Indicators of the impact on freshwater resources are becoming increasingly important in the evaluation of urban water systems. To reveal the importance of spatial resolution, we investigated how the choice of catchment scale influenced the freshwater impact assessment. Two different indicators were used in this study: the Withdrawal-To-Availability ratio (WTA) and the Water Stress Index (WSI). Results were calculated for three groundwater based Danish urban water supplies (Esbjerg, Aarhus, and Copenhagen). The assessment was carried out at three spatial levels: (1) the groundwater body level, (2) the river basin level, and (3) the regional level. The assessments showed that Copenhagens water supply had the highest impact on the freshwater resource per cubic meter of water abstracted, with a WSI of 1.75 at Level 1. The WSI values were 1.64 for Aarhuss and 0.81 for Esbjergs water supply.
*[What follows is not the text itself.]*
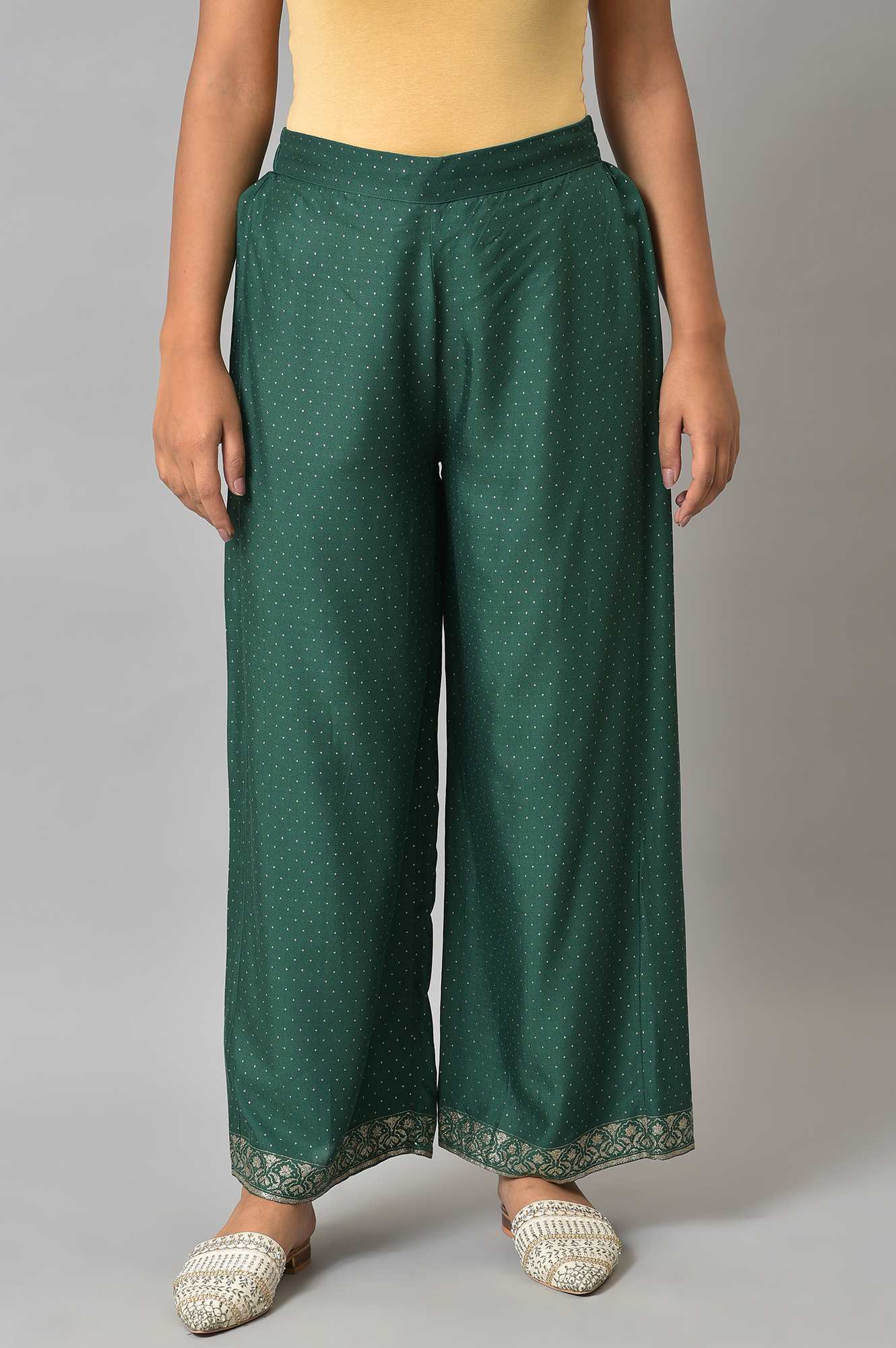 W for Woman Green Glitter Printed Parallel Pants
Spatial resolution was identified as a major factor determining the outcome of the impact assessment. For the three case studies, WTA and WSI were 27%-583% higher at Level 1 than impacts calculated for the regional scale. The results highlight that freshwater impact assessments based on regional data, rather than sub-river basin data, may dramatically underestimate the actual impact on the water resource. Furthermore, this study discusses the strengths and shortcomings of the applied indicator approaches. A sensitivity analysis demonstrates that although WSI has the highest environmental relevance, it also has the highest uncertainty, as it requires estimations of non-measurable environmental water requirements. Hence, the development of a methodology to obtain more site-specific and relevant estimations of environmental water requirements should be prioritized. Finally, the demarcation of the groundwater resource in aquifers remains a challenge for establishing a consistent method for benchmarking freshwater impacts caused by groundwater abstraction.
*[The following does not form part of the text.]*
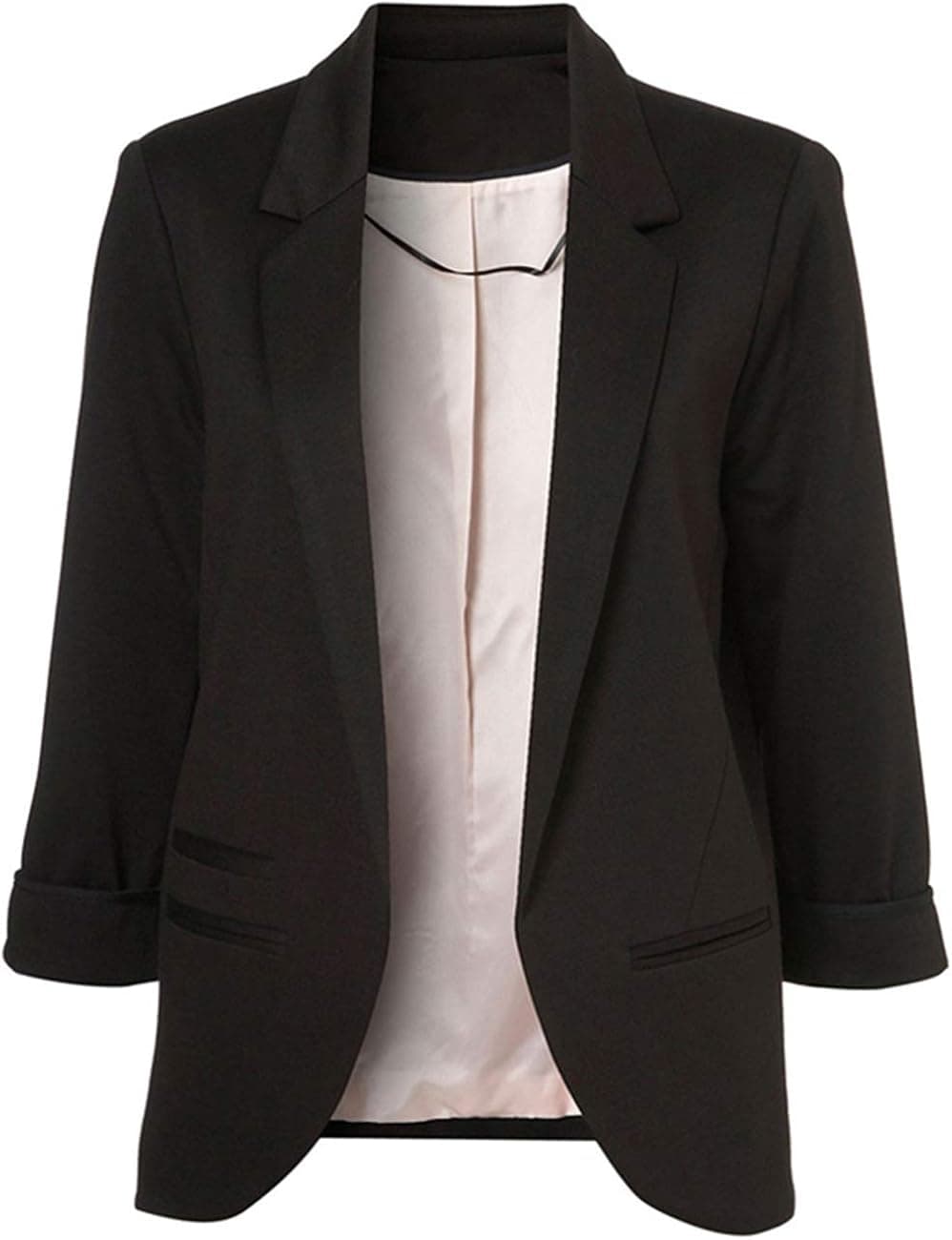 Lrady Womens Casual Blazer Open Front 3/4 Sleeve Notched Lapel Pocket Work Office Jacket Suit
LCA of Drinking Water Supply

Water supplies around the globe are growing complex and include more intense treatment methods than just decades ago. Now, desalination of seawater and wastewater reuse for both non-potable and potable water supply have become common practice in many places. LCA has been used to assess the potentials and reveal hotspots among the possible technologies and scenarios for water supplies of the future. LCA studies have been used to support decisions in the planning of urban water systems and some important findings include documentation of reduced environmental impact from desalination of brackish water over sea water, the significant impacts from changed drinking water quality and reduced environmental burden from wastewater reuse instead of desalination. Some of the main challenges in conducting LCAs of water supply systems are their complexity and diversity, requiring very large data collection efforts, with multiple sources of information, many of them not public and requiring cooperation. Important for product and system LCAs with substantial water use, it is emphasized that standard life cycle inventory databases do not reflect the significant variance in environmental impacts of water supply across locations and technologies.